Uma falácia muito difundida fora — e em alguns casos, dentro — do ambiente educacional é aquela que diz que o “ensino é neutro”. Para os defensores desse modelo impossível, o ensino de qualquer disciplina deve se ater apenas a apresentar conceitos e a resolver exercícios idealizados e preferencialmente sem qualquer conexão com a vida real.
Os defensores da neutralidade educacional julgam que raciocinar sobre aquilo que é discutido — especialmente se o raciocínio conclui qualquer coisa que aponte na direção dos direitos humanos — é um crime, um pecado capital, cuja pena deve ser a demissão sumária seguida de um esforço para apagar o que quer que tenha sido apontado fora dos muros da neutralidade.

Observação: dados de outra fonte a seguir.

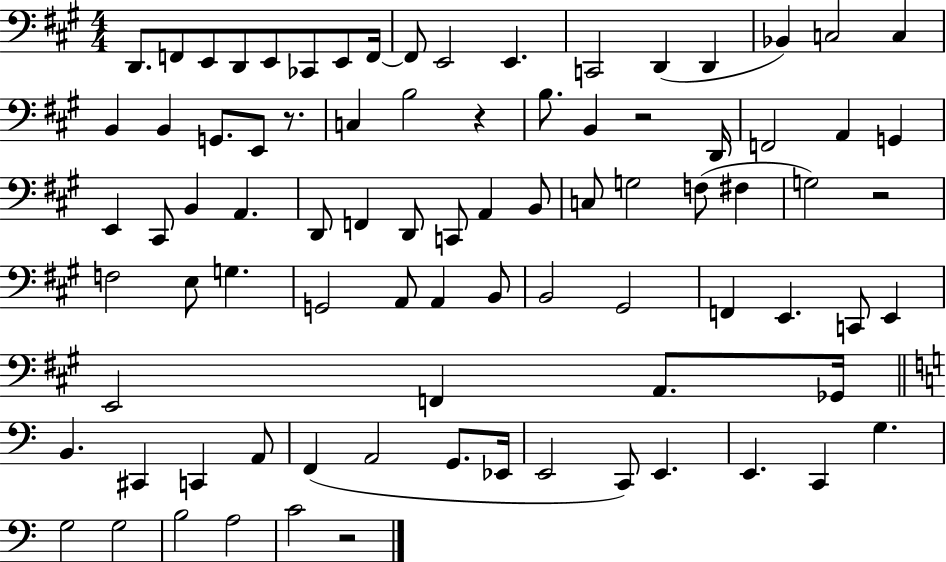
{
  \clef bass
  \numericTimeSignature
  \time 4/4
  \key a \major
  \repeat volta 2 { d,8. f,8 e,8 d,8 e,8 ces,8 e,8 f,16~~ | f,8 e,2 e,4. | c,2 d,4( d,4 | bes,4) c2 c4 | \break b,4 b,4 g,8. e,8 r8. | c4 b2 r4 | b8. b,4 r2 d,16 | f,2 a,4 g,4 | \break e,4 cis,8 b,4 a,4. | d,8 f,4 d,8 c,8 a,4 b,8 | c8 g2 f8( fis4 | g2) r2 | \break f2 e8 g4. | g,2 a,8 a,4 b,8 | b,2 gis,2 | f,4 e,4. c,8 e,4 | \break e,2 f,4 a,8. ges,16 | \bar "||" \break \key a \minor b,4. cis,4 c,4 a,8 | f,4( a,2 g,8. ees,16 | e,2 c,8) e,4. | e,4. c,4 g4. | \break g2 g2 | b2 a2 | c'2 r2 | } \bar "|."
} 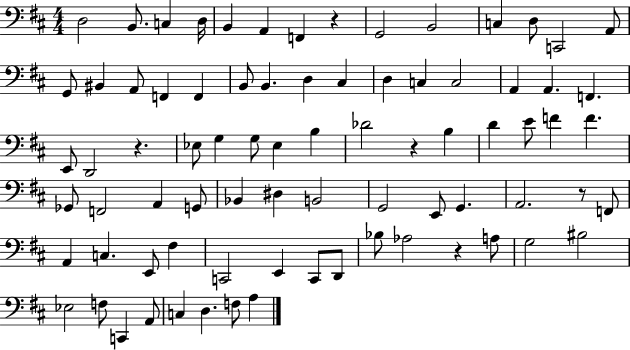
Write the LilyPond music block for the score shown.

{
  \clef bass
  \numericTimeSignature
  \time 4/4
  \key d \major
  d2 b,8. c4 d16 | b,4 a,4 f,4 r4 | g,2 b,2 | c4 d8 c,2 a,8 | \break g,8 bis,4 a,8 f,4 f,4 | b,8 b,4. d4 cis4 | d4 c4 c2 | a,4 a,4. f,4. | \break e,8 d,2 r4. | ees8 g4 g8 ees4 b4 | des'2 r4 b4 | d'4 e'8 f'4 f'4. | \break ges,8 f,2 a,4 g,8 | bes,4 dis4 b,2 | g,2 e,8 g,4. | a,2. r8 f,8 | \break a,4 c4. e,8 fis4 | c,2 e,4 c,8 d,8 | bes8 aes2 r4 a8 | g2 bis2 | \break ees2 f8 c,4 a,8 | c4 d4. f8 a4 | \bar "|."
}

Ocorre que essa visão de neutralidade do conhecimento não cabe nem na ciência nem na educação. Não há como neutralizar sentimentos, concepções pessoais ou de um grupo social do qual um ou mais cientistas fazem parte. Não é preciso ir muito longe na história humana para colhermos casos em que o desenvolvimento científico se deveu muito mais a defesa de um ideal político do que para o respeito aos direitos humanos. Pouco antes da primeira guerra mundial eclodir, o químico alemão Fritz Heber desenvolveu uma forma de capturar o hidrogênio e o nitrogênio presentes no ar, o que permitiu a fabricação de amônia e consequentemente, a fabricação em larga escala de fertilizantes sintéticos [1]. Sem eles, provavelmente não teríamos condições de alimentar os sete bilhões de habitantes do planeta.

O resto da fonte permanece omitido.